(About this task): When you retype the records that follow, keep each word as it is and drop any pictures.

[Captioned web images]
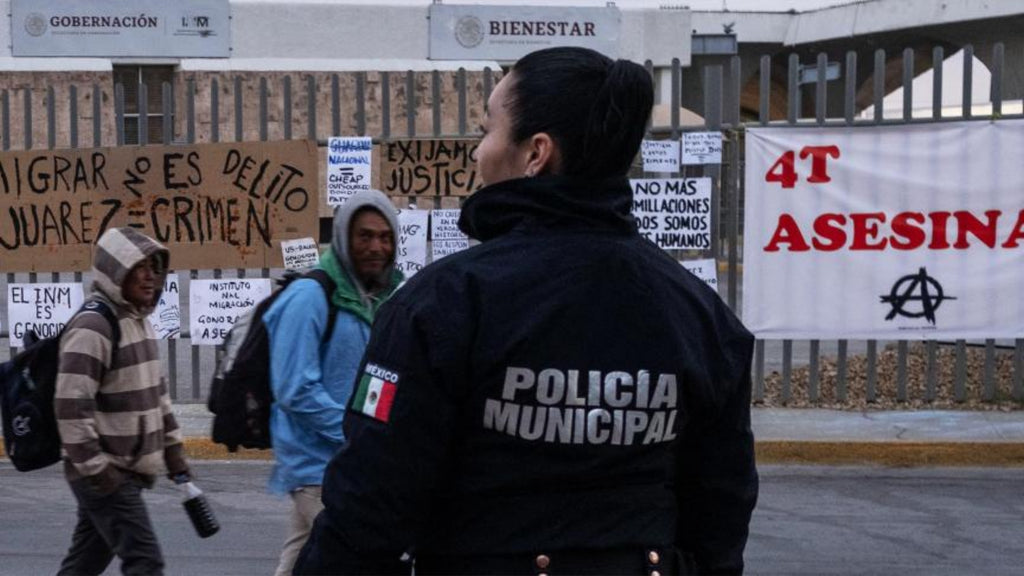 Macabre discovery in Mexico: 45 bags of human remains found in western Mexico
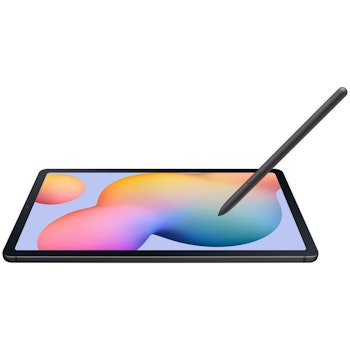 Galaxy Tab S6 Lite (2022) 64GB WiFi, SM-P613NZAEDBT, grau (2 von 3)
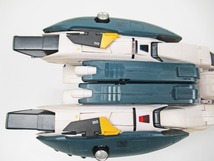 ◆[B81]VF-1S　ストライクバルキリー（ロイ・フォッカースペシャル）　超時空要塞マクロス 愛・おぼえていますか　現状品_画像8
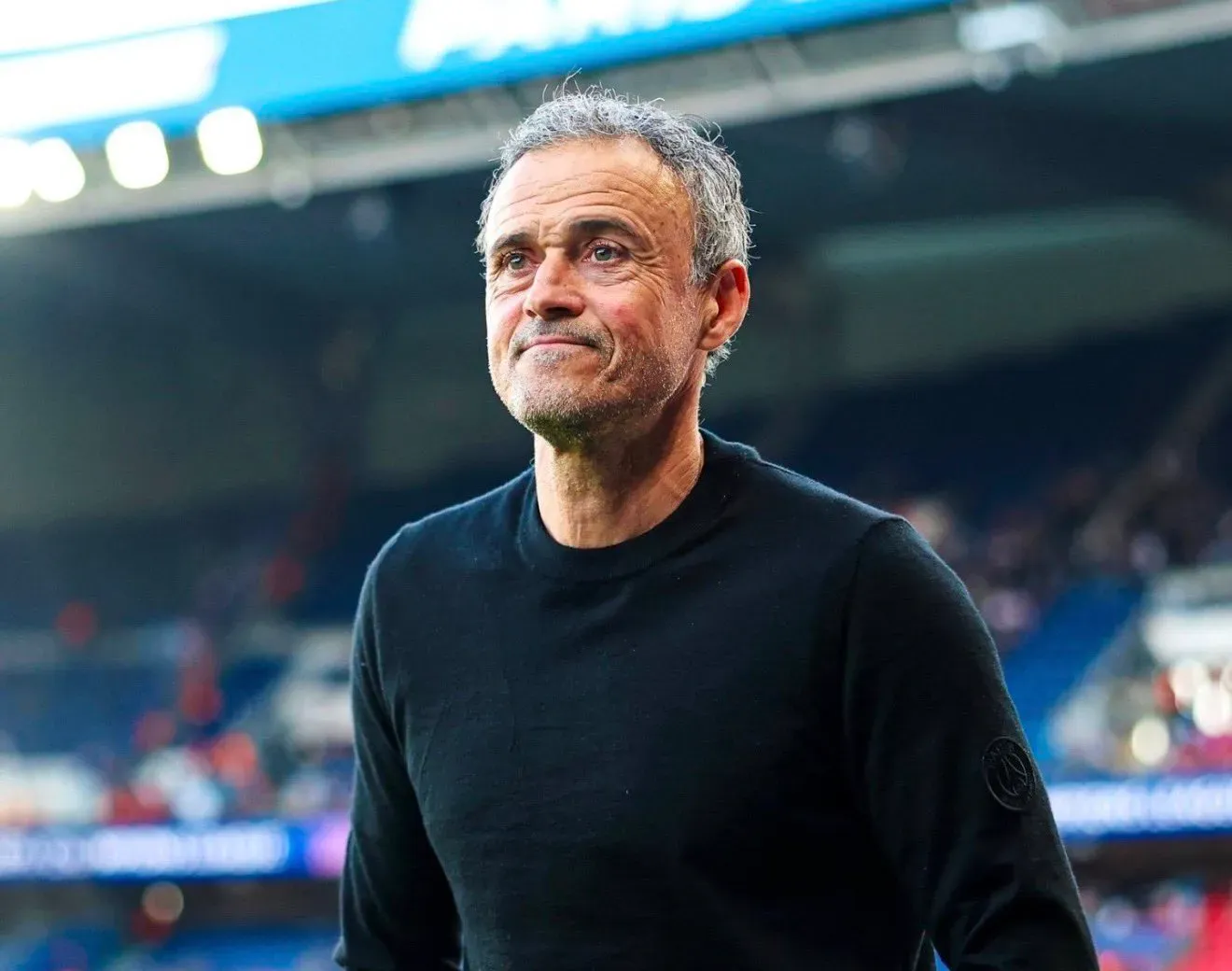 Luis Enrique stawia sprawę jasno przed rewanżem. Tyle goli potrzebuje PSG na Allianz Arena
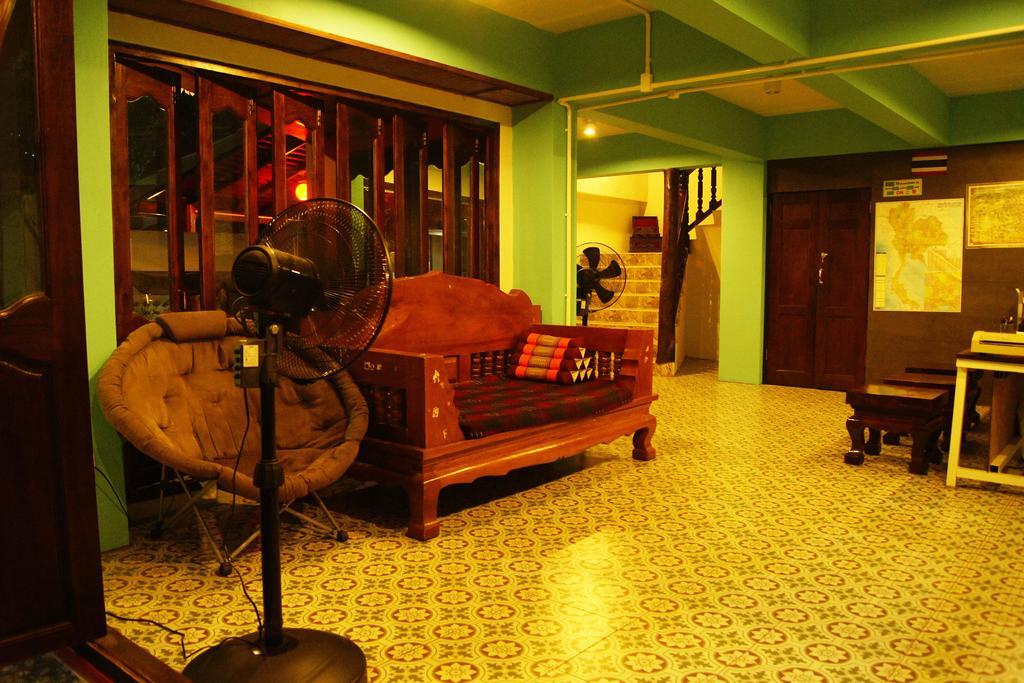 The Corner Inn Chiang Mai Exterior foto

(Solution to this task):
 Macabre discovery in Mexico: 45 bags of human remains found in western Mexico
 Galaxy Tab S6 Lite (2022) 64GB WiFi, SM-P613NZAEDBT, grau (2 von 3)
 ◆[B81]VF-1S　ストライクバルキリー（ロイ・フォッカースペシャル）　超時空要塞マクロス 愛・おぼえていますか　現状品_画像8
 Luis Enrique stawia sprawę jasno przed rewanżem. Tyle goli potrzebuje PSG na Allianz Arena
 The Corner Inn Chiang Mai Exterior foto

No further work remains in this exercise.